[<prev] [next>] [<thread-prev] [thread-next>] [day] [month] [year] [list]
Message-ID: <908bb624-1778-4f57-a89b-503a4076cb2e@arm.com>
Date: Tue, 24 Oct 2023 16:10:01 +0200
From: Dietmar Eggemann <dietmar.eggemann@....com>
To: Mathieu Desnoyers <mathieu.desnoyers@...icios.com>,
Peter Zijlstra <peterz@...radead.org>
Cc: linux-kernel@...r.kernel.org, Ingo Molnar <mingo@...hat.com>,
Valentin Schneider <vschneid@...hat.com>,
Steven Rostedt <rostedt@...dmis.org>,
Ben Segall <bsegall@...gle.com>, Mel Gorman <mgorman@...e.de>,
Daniel Bristot de Oliveira <bristot@...hat.com>,
Vincent Guittot <vincent.guittot@...aro.org>,
Juri Lelli <juri.lelli@...hat.com>,
Swapnil Sapkal <Swapnil.Sapkal@....com>,
Aaron Lu <aaron.lu@...el.com>, Chen Yu <yu.c.chen@...el.com>,
Tim Chen <tim.c.chen@...el.com>,
K Prateek Nayak <kprateek.nayak@....com>,
"Gautham R . Shenoy" <gautham.shenoy@....com>, x86@...nel.org
Subject: Re: [RFC PATCH v2 1/2] sched/fair: Introduce UTIL_FITS_CAPACITY
feature (v2)
On 23/10/2023 17:04, Mathieu Desnoyers wrote:
> On 2023-10-23 10:11, Dietmar Eggemann wrote:
>> On 19/10/2023 18:05, Mathieu Desnoyers wrote:
>
> [...]
>>> +static unsigned long scale_rt_capacity(int cpu);
>>> +
>>> +/*
>>> + * Returns true if adding the task utilization to the estimated
>>> + * utilization of the runnable tasks on @cpu does not exceed the
>>> + * capacity of @cpu.
>>> + *
>>> + * This considers only the utilization of _runnable_ tasks on the @cpu
>>> + * runqueue, excluding blocked and sleeping tasks. This is achieved by
>>> + * using the runqueue util_est.enqueued.
>>> + */
>>> +static inline bool task_fits_remaining_cpu_capacity(unsigned long
>>> task_util,
>>> + int cpu)
>>
>> This is almost like the existing task_fits_cpu(p, cpu) (used in Capacity
>> Aware Scheduling (CAS) for Asymmetric CPU capacity systems) except the
>> latter only uses `util = task_util_est(p)` and deals with uclamp as well
>> and only tests whether p could fit on the CPU.
>
> This is indeed a major difference between how asym capacity check works
> and what is introduced here:
>
> asym capacity check only checks whether the given task theoretically
> fits in the cpu if that cpu was completely idle, without considering the
> current cpu utilization.
Yeah, asymmetric CPU capacity systems have to make sure that p fits on
the idle/sched_idle CPU, hence the use of sync_entity_load_avg() and
asym_fits_cpu().
> My approach is to consider the current util_est of the cpu to check
> whether the task fits in the remaining capacity.
True.
> I did not want to use the existing task_fits_cpu() helper because the
> notions of uclamp bounds appear to be heavily tied to the fact that it
> checks whether the task fits in an _idle_ runqueue, whereas the check I
> am introducing here is much more restrictive: it checks that the task
> fits on the runqueue within the remaining capacity.

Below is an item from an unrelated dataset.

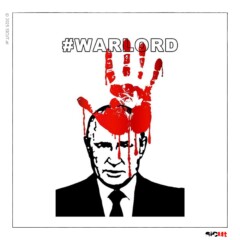 Russian President Vladimir Putin delivers his speech at the opening ceremony of the International Military Technical Forum Army-2021 in Alabino, outside Moscow, Russia, Monday, Aug. 23, 2021. (Ramil Sitdikov, Sputnik, Kremlin Pool Photo via AP)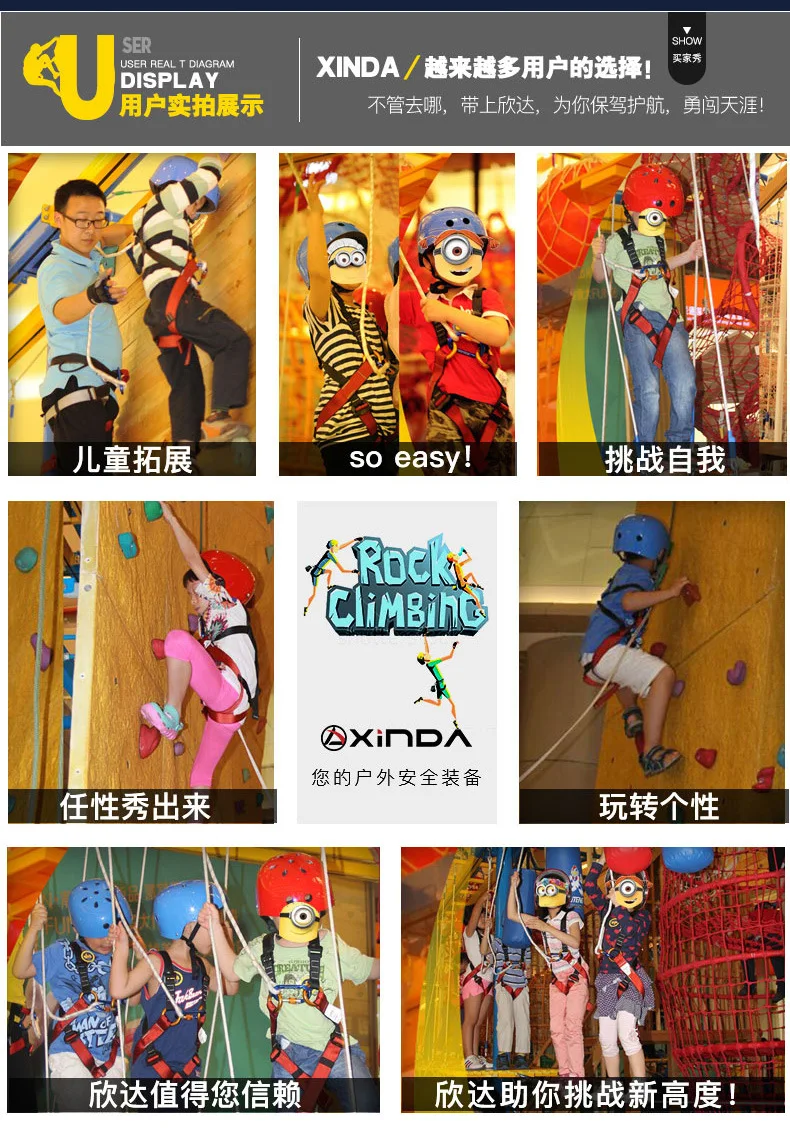 XINDA Children Rock Climbing Safety Belt Indoor Expand Body Harness Safety Belt Park fashion control xian Downhill Protective Be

I see. Essentially what you do is
util_fits_cpu(util_est(CPU + p), 0, 1024, CPU) in !uclamp_is_used()
The uclamp_is_used() case is task-centric though. (*)

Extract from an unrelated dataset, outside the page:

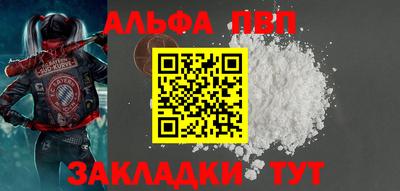 spice Партизанск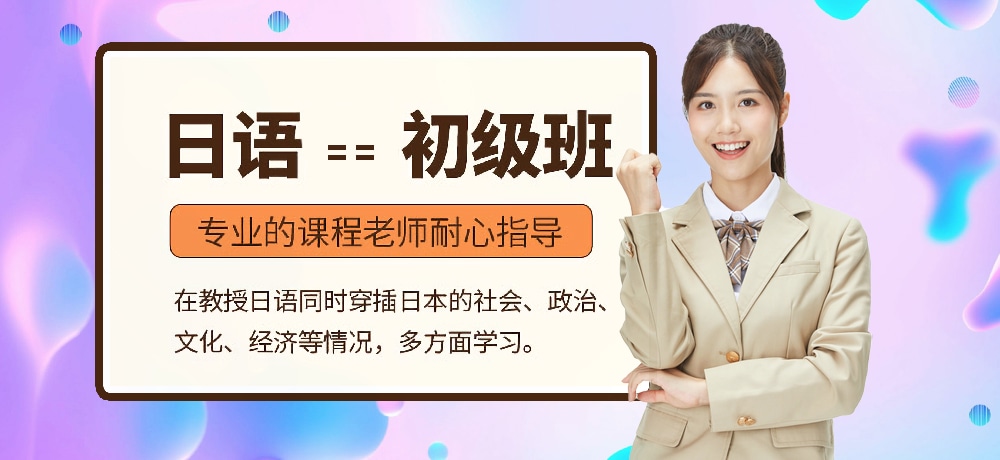 日语辅导图片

>> Or like find_energy_efficient_cpu() (feec(), used in
>> Energy-Aware-Scheduling (EAS)) which uses cpu_util(cpu, p, cpu, 0) to
>> get:
>>
>> max(util_avg(CPU + p), util_est(CPU + p))
>
> I've tried using cpu_util(), but unfortunately anything that considers
> blocked/sleeping tasks in its utilization total does not work for my
> use-case.
>
> From cpu_util():
>
> * CPU utilization is the sum of running time of runnable tasks plus the
> * recent utilization of currently non-runnable tasks on that CPU.
OK, I see. Occasions in which `util_avg(CPU + p) > util_est(CPU + p)`
would ruin it for your use-case.
>> feec()
>> ...
>> for (; pd; pd = pd->next)
>> ...
>> util = cpu_util(cpu, p, cpu, 0);
>> ...
>> fits = util_fits_cpu(util, util_min, util_max, cpu)
>> ^^^^^^^^^^^^^^^^^^
>> not used when uclamp is not active (1)
>> ...
>> capacity = capacity_of(cpu)
>> fits = fits_capacity(util, capacity)
>> if (!uclamp_is_used()) (1)
>> return fits
>>
>> So not introducing new functions like task_fits_remaining_cpu_capacity()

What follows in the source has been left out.